REQUIREMENT: Once the line containing "baseball_helmet, black_hair, commentary_request" is found, please copy it and all lines after it through the end of the records, exactly, leaving out pictures.

Image-caption web data
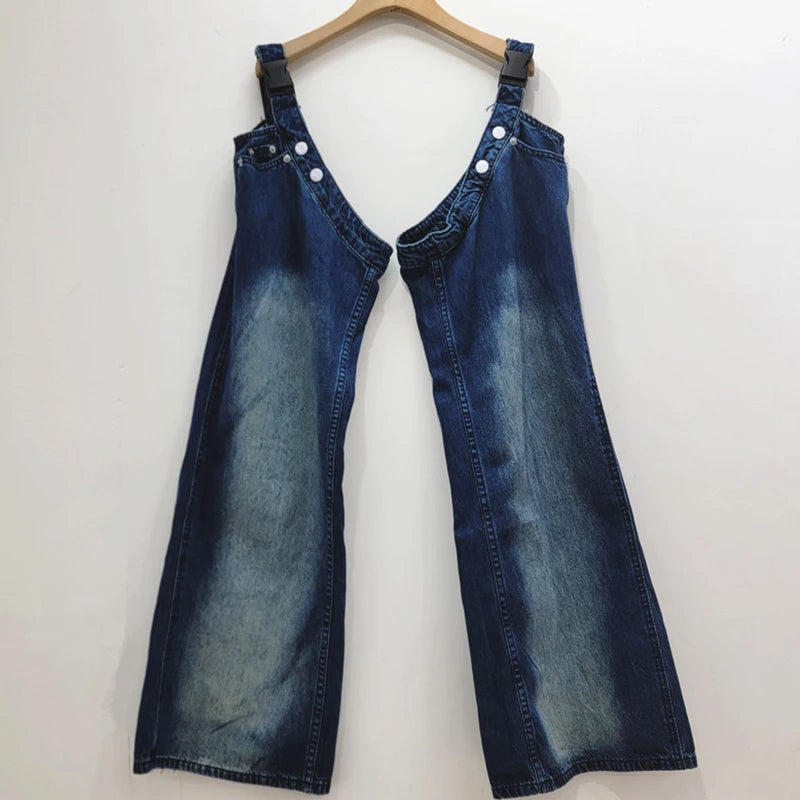 Denim Pants Patchwork 2 Pcs Set Washed Straight Jeans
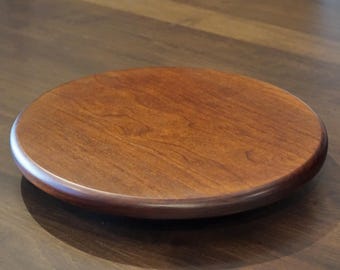 DutchCrafters Solid Cherry Wood Lazy Susan, 12" - Spinning Spice Organizer, Dining Table Centerpiece - Amish Made in USA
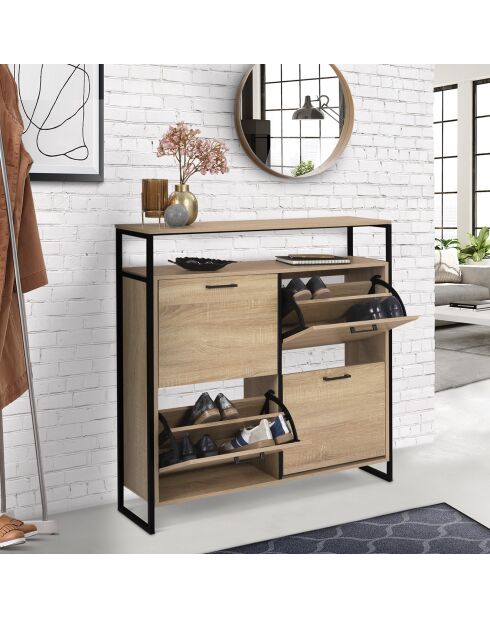 Armoire range-chaussures 4 portes Alan noir/bois - 100x23.5x97 cm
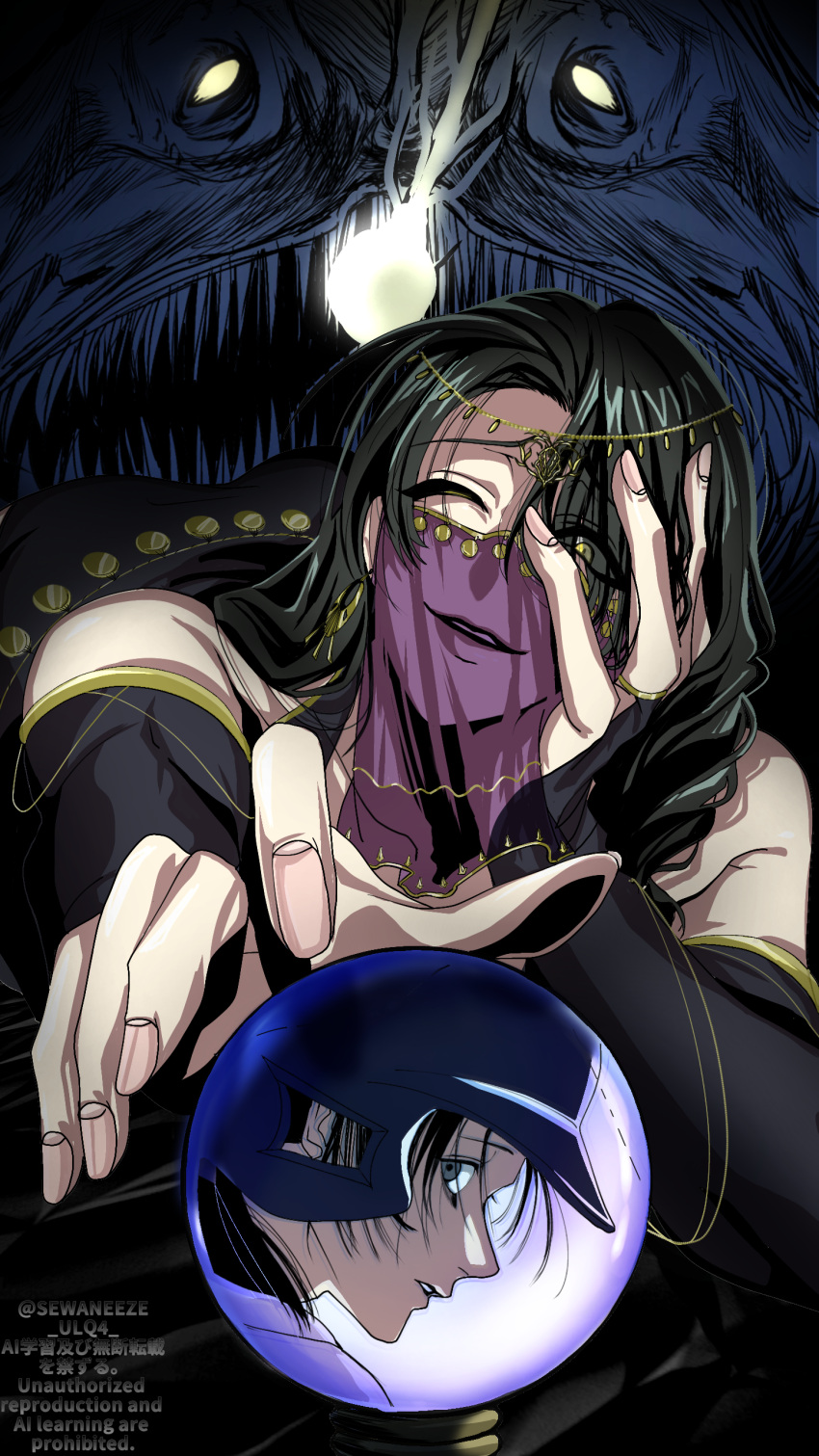 2boys, absurdres, anglerfish, arabian_clothes, bare_shoulders, baseball_helmet, black_hair, commentary_request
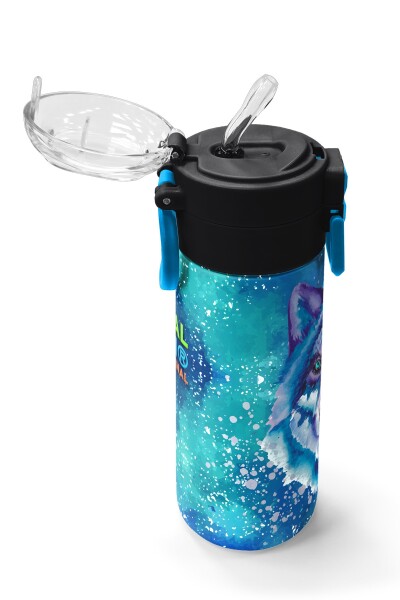 Coral High Kids Lacivert Mavi Kurt Desenli Pipetli ve Direkt İçim Çelik Termos 500 ml 31945 - 5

EXERCISE SOLUTION:
 2boys, absurdres, anglerfish, arabian_clothes, bare_shoulders, baseball_helmet, black_hair, commentary_request
 Coral High Kids Lacivert Mavi Kurt Desenli Pipetli ve Direkt İçim Çelik Termos 500 ml 31945 - 5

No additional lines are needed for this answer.